De reactie van de overheid was deze keer veel krachtiger. Toen de Silicon Valley Bank omviel, besloot de Federal Deposit Insurance Corporation (FDIC) alle deposito's bij de bank te verzekeren (ook de deposito's die voorheen niet verzekerd waren), waardoor de depositogarantie werd uitgebreid naar grotere depositohouders. Het introduceerde ook het Bank Term Lending Program (BTLP), waardoor banken geld konden lenen tot 1 jaar met obligaties a pari als onderpand (ondanks aanzienlijk lagere marktwaarderingen als gevolg van sterker dan verwachte rentestijgingen).

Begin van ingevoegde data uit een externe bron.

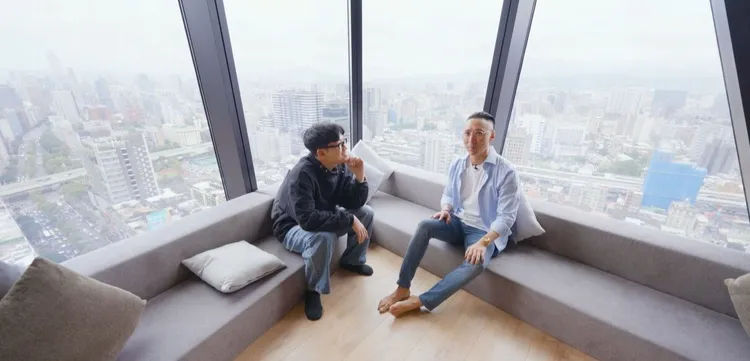 Joeman開箱Ryan住的4億豪宅「台北之星」。翻攝Joeman YT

Bovendien verstrekten de Federal Home Loan Banks, een groepering van leveranciers van uitleenbare fondsen aan financiële instellingen, 144 miljard USD aan liquiditeit aan noodlijdende regionale banken bij het begin van de crisis. Deze maatregelen hebben de crisis voorlopig effectief ingedamd.
Geen economische misallocatie
Een laatste verschil is de aard van de crisis. In 2008 was de onderliggende oorzaak van de crisis de proliferatie van subprime-hypotheken. Hierdoor konden burgers woningen kopen of bouwen die ze zich niet konden veroorloven. Als gevolg daarvan bloeide de bouwsector vóór de crisis, maar ging hij daarna ten onder. Miljoenen bouwvakkers werden werkloos en hadden het moeilijk om een nieuwe baan te vinden die aansloot bij hun vaardigheden (zie figuur 2).
In tegenstelling tot 2008 zijn de Amerikaanse bankproblemen van dit jaar vooral het gevolg van looptijdverschillen en concentraties van onverzekerde depositopools binnen Amerikaanse regionale banken. Hun activa, zoals leningen en obligaties, hebben doorgaans lange looptijden, terwijl hun passiva, zoals onverzekerde deposito's, kortere looptijden hebben. Banken zoals Silicon Valley Bank hebben deze mismatch onvoldoende afgedekt, waardoor deze regionale banken aan materiële risico's werden blootgesteld. Dat gezegd zijnde, hoewel de looptijdmismatch pijnlijk is voor de winst-en verliesrekening van een bank, veroorzaakt het geen misallocatie van banen binnen de bredere economie en is de economische impact dus beperkter.
Conclusie
Het is belangrijk om te stellen dat de recente regionale bankencrisis in de VS een aanzienlijke impact zal hebben op de economie. Ze heeft bijgedragen tot een verdere aanscherping van de kredietvoorwaarden en heeft de belastingbetaler naar schatting 31,5 miljard USD gekost. Dat gezegd zijnde, zelfs als andere regionale banken verder in de problemen zouden komen, lijkt een 2008-scenario eerder onwaarschijnlijk. In tegenstelling tot 2008 is de regelgeving verbeterd, grijpen de autoriteiten sneller in en heeft de crisis geen economische misallocatie veroorzaakt. Een diepe financiële crisis ligt dus allicht niet in het verschiet.